# OneCoin



## blah (Jan 17, 2018)

Hi!
I noticed there was a crypto forum, but not yet a thread about ONECOIN:  THE FUTURE OF PAYMENT.

I got intersted in this endeavour a few years ago, and has been keeping myself up to date. Thought I'd share what I've learned.

BigCoin is an old crypto ponzi scheme, relaunched under the name OneCoin. The sitre was literally copied and pasted, with some of the metadata still pointing to BigCoin. The coin markets itself as the future of payment, but there does not seem to be any way to actually trade or use your coins except through companies that are directly invoilved with the scam.

They are not publically listed like most other cryptos, so they had an exchange of their own where they could buy/sell coins between themselves. I should say buy, since as soon as a low-tier member tries to cash out there are mysterious problems.
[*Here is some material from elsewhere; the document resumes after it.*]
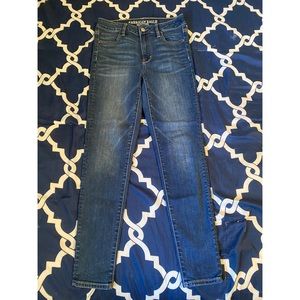 American Eagle High Waisted Jeans
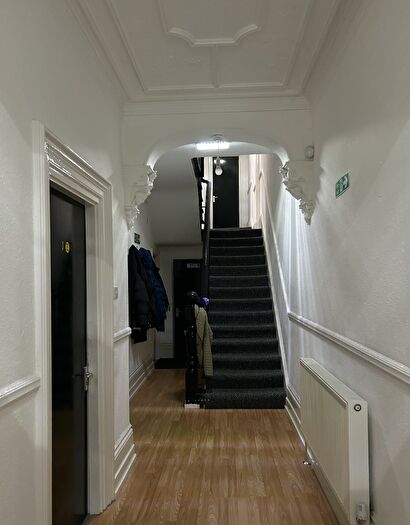 7 Bedroom Terraced House To Rent In Simonside Terrace, Newcastle Upon Tyne, NE6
The only site where you can 'buy' stuff with coins is called dealshaker.com, and its basically a scam marketplace. Notice you can not buy anything without paying real FIAT in addition to the coins. Most of the products you 'buy' either does not exist, or have very weird terms that makes it improbable that you will ever be able to collect your purchase.

The few things that are actually physical goods are often more expensive than it is to buy them from a retailer, in ADDITION you have to pay with your hard earned ponzi points.
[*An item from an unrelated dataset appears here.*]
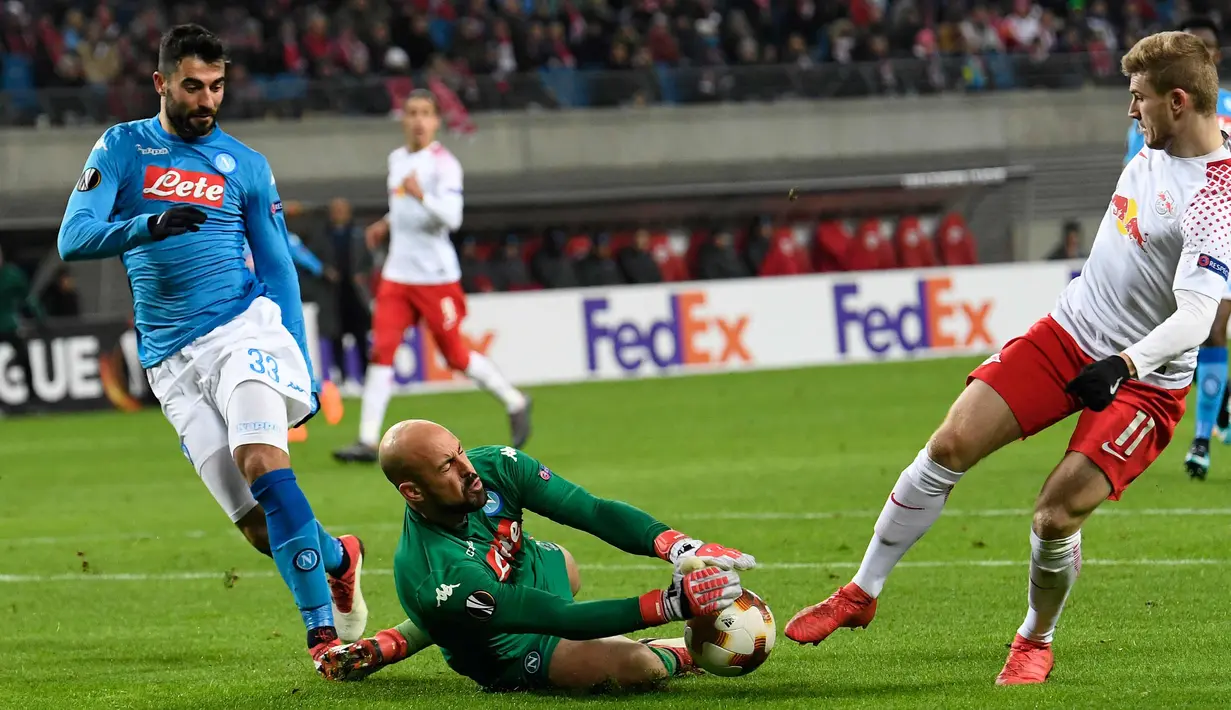 Kiper Napoli, Pepe Reina berusaha menangkap bola tendangan pemain RB Leipzig, Timo Werner saat bertanding pada laga leg kedua 32 besar Liga Europa di Red Bull Arena, (22/2). Napoli tersingkir karena kalah agresivitas gol tandang. (AP Photo / Jens Meyer)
The way the scam works is, you buy yourself a package of 'tokens' that can be used to 'mine' onecoins, that will show up on a 'public' ledger (more on this later). When try try to sell you their product they are very VERY attentive as to not actually say that you are making an investment.

You are, according to them, not actually paying for the tokens/coins, but for some educational material. The material in question is ripped straight from wikipedia and even some books on economics.

Here are some packages you can buy, notice that you get 'FREE' tokens in adition to your package:





€27000 for a top tier education in economics? What a steal!

One 'token' is, according to their imaginary rate, about 1 euro, which is strange seeing that you could buy a package, sell your coins and earn infinitely money if it worked as 'intended'. But the point was never to use it as an investment, its all education r-right?

Here is the CEO Ruja Ignatova explaining how, by doubling the amount of coins in circulation, the existing coins will still have the same value that they have currently:


Spoiler: ruja ignatova











The blockchain, of course, does not exist; but still they had a visualization of the blockchain on their site. So wait, how can they visualize something that doesn't exist? Stock footage of course.


Spoiler: back-office printscreen










Here it is, original blockchain please do not steal: https://www.shutterstock.com/fi/video/clip-1089709-stock-footage-computer-program.html

The people that fall for this are probably all exceptional, but the 'team leaders' are of course aware of what is happening and are trying desperatly to convince people that it is legit. Every time a country declares their 'business' illegal they have a hilariously lengthy reply as to why they have been wronged, and it usually involves jewish bankers trying to keep the small guy down.

My favorite leader is probably Ken Labine since he can't help himself from iteracting with the 'haters': 



Spoiler: ken says goodbye to the haters











There is a LOT more information on http://behindmlm.com/category/companies/onecoin/ if you are interested. I was trying to make thread informative, but I realized that I'd have to sit here for days and days so I think I'll give up now.

Here are some interesting people:
Ken Labine
Kari Wahlroos
Ruja Ignatova

Please tell me if there is anything I forgot or if the thread is so shitty you have to throw it away, what else I could include to give it a good start.[/spoiler]


----------



## Null (Jan 17, 2018)

I can't wait for the suicides.


----------



## Buster O'Keefe (Oct 29, 2019)

Not sure if it's bad form to necro this, but the BBC have a podcast about Ruja and Onecoin:








						BBC Sounds - The Missing Cryptoqueen
					

Dr Ruja persuaded millions to join her financial revolution - then she disappeared. Why?




					www.bbc.co.uk
				



Haven't listened to all of it, but shit gets weird.


----------



## IHateTheFrench (Apr 1, 2022)

Lol, this thread is only getting reccomended to me now. I remember playing vidya with this guy, whose father was an absolute dead-beat dad. He stole his sons university funds and stopped paying child support to go all in on OneCoin. That was like 20k-25k €. I laughed so fucking hard when i heard about it. How can people be that much of a sucker that they buy into this shitshow, especially after all the scam warnings that popped up after a simple google search and only being able to find more and more sketchy shit after looking only deeper into it.


----------



## ddw (Apr 7, 2022)

TroyMcGoy2ElectricBoogalo said:


> Lol, this thread is only getting reccomended to me now. I remember playing vidya with this guy, whose father was an absolute dead-beat dad. He stole his sons university funds and stopped paying child support to go all in on OneCoin. That was like 20k-25k €. I laughed so fucking hard when i heard about it. How can people be that much of a sucker that they buy into this shitshow, especially after all the scam warnings that popped up after a simple google search and only being able to find more and more sketchy shit after looking only deeper into it.


dude should've beaten his dad to death with a tire iron nocap


----------